**DATA BELOW:**
[Start of section]
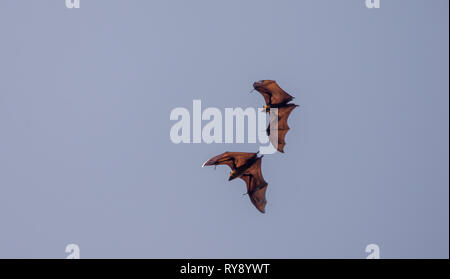 Asien, Sri Lanka, Kandy, den Botanischen Garten von Peradeniya, indische Flying Fox, Pteropus giganteus Stockfoto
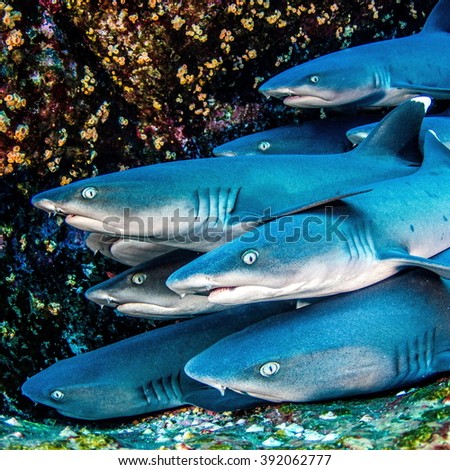 Whitetip Reef Shark Royalty-Free Stock Photo #392062777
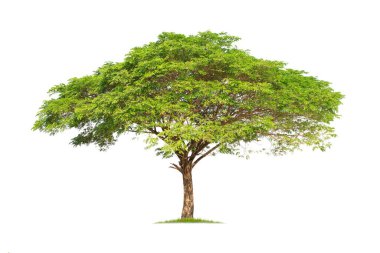Maymun Kapsülü, Doğu Hindistan Ceviz Ağacı. Samanea saman ağacı beyaz arkaplanda izole. 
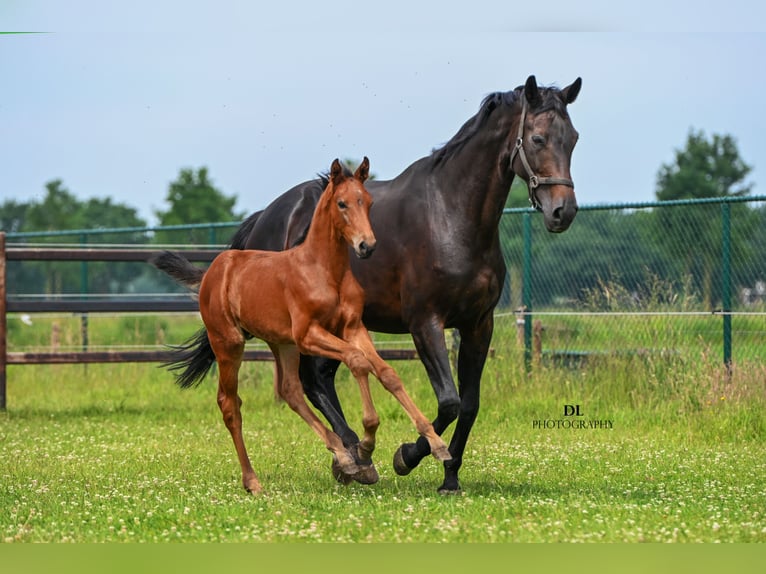 KWPN Stallion Foal (04/2025) Brown in Sevenum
[End of section]
**WHAT THE TASK REQUIRES:** Take the line with "Maymun Kapsülü, Doğu" and every line after it through the end of the data, and write only them out exactly, leaving out the pictures.

**COMPLETED TASK:**
Maymun Kapsülü, Doğu Hindistan Ceviz Ağacı. Samanea saman ağacı beyaz arkaplanda izole. 
 KWPN Stallion Foal (04/2025) Brown in Sevenum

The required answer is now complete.